Monday 2 August 2010

Faster Than the Speed of Light

Summing up the universe

Faster Than the Speed of Light: The Story of a Scientific Speculation
by João Magueijo

The Guardian, 29 March 2003


John Dryden's poem "Annus Mirabilis: The Year of Wonders", 1666, celebrated the Royal Navy's victory over the Dutch and the failure of the great fire of London to consume the entire city. Yet as significant as these events were, they pale in comparison to one of the true high points of human achievement that occurred during that same year: the 24-year-old Isaac Newton laid the foundations of calculus and the theory of gravity, and outlined his theory of light. Only one other year and one other scientist bear comparison with Newton and his annus mirabilis .

Albert Einstein's "miraculous year" was 1905. The unknown 26-year-old patent clerk produced - in breathtaking succession - the special theory of relativity, the quantum theory of light and a convincing argument for the existence of atoms. As preparations for the centennial celebrations get under way, João Magueijo has written a gripping, no-holds-barred account of his challenge to one of the central tenets of relativity and its implications for our understanding of how the universe works.

That the universe began with a "big bang" is something that most of us now accept without question, yet there remain puzzling features about the universe that the big bang theory cannot explain. Why does the universe look the same over such vast distances? Why is it so large? Why does it have the shape it has? Why does the universe exist at all? For years cosmologists have been looking at the infant universe for "clues to its adult behaviour".

Some of these questions, Magueijo realised, could be answered if he broke just one golden rule. It was a simple solution to the cosmological problems, but it presented him with a problem of his own. For his answer "involved something that for a trained scientist approaches madness". What Magueijo proposed was that light travelled faster in the infant universe than it does now. In doing so, he risked "career suicide" by questioning the validity of a perhaps the most fundamental rule of modern physics: that the speed of light is a constant.

Magueijo, a reader in theoretical physics at Imperial College, London, is no madman. But some have called him a heretic and dismissed his theory. After all the constancy of the speed of light is, as he points out, "woven into the fabric of physics, into the way that the equations are written". Frankly, the reaction of his critics is understandable, since Magueijo's proposal would entail the wholesale revision of the entire framework of 20th-century physics.

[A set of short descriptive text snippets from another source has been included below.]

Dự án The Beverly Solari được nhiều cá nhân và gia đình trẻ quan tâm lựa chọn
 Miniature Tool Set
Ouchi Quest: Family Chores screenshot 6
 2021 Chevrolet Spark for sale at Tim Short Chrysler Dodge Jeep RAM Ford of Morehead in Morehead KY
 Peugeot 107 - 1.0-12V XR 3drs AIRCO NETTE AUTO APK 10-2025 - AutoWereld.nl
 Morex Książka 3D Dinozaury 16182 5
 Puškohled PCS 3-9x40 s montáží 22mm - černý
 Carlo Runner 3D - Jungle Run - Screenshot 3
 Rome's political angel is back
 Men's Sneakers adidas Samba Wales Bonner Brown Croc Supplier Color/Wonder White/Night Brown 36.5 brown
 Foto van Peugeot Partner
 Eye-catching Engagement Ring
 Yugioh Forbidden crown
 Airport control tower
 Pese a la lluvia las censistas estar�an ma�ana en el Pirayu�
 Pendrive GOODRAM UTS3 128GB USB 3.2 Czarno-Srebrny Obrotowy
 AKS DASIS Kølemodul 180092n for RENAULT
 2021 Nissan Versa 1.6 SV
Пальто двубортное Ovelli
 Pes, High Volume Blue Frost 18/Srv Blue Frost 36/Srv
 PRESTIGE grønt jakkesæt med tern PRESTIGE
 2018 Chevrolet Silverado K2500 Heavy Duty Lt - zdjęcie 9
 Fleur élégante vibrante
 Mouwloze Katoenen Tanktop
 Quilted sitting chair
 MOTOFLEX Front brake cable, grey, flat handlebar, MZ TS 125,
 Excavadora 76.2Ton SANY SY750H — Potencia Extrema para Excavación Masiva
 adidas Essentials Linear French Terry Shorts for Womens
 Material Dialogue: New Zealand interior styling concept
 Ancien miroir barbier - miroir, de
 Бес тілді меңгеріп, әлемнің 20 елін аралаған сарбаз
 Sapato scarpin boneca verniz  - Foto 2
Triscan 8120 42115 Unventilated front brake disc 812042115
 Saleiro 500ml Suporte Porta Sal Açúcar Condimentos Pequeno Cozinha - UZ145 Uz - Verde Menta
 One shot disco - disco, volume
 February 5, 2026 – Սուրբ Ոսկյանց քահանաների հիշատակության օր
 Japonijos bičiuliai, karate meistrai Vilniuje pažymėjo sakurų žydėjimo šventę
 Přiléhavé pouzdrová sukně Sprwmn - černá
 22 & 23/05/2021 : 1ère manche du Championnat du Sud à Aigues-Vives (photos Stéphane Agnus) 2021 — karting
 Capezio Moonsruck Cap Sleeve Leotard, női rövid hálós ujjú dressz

Undaunted by the hostile reactions, Magueijo continued to investigate the possible consequences of a varying speed of light (VSL) in the very early universe. Whereas others may have been intimidated, he had the courage to follow where VSL led. Disappointingly, "for a long while it led nowhere".

Once he teamed up with his first collaborator on VSL, the American cosmologist Andy Albrecht, new avenues began to open up through regular brainstorming sessions. At the end of each session, conducted behind locked doors, the blackboard calculations were wiped clean. They wanted to keep their ideas under wraps until they were ready to publish a fully fledged theory, since "publish first or perish" is a sad fact of a life for all scientists.

Magueijo provides a highly readable account of the problems besetting modern cosmology and how they appear to be resolved by VSL. Better still, he gives an honest and revealing insight into what it's like to carry out scientific research: the endless frustrations, the fear of being beaten by competitors, the ebb and flow of tension between collaborators, the numerous dead ends, the unexpected moments of inspiration, and the often tedious task of checking and rechecking calculations.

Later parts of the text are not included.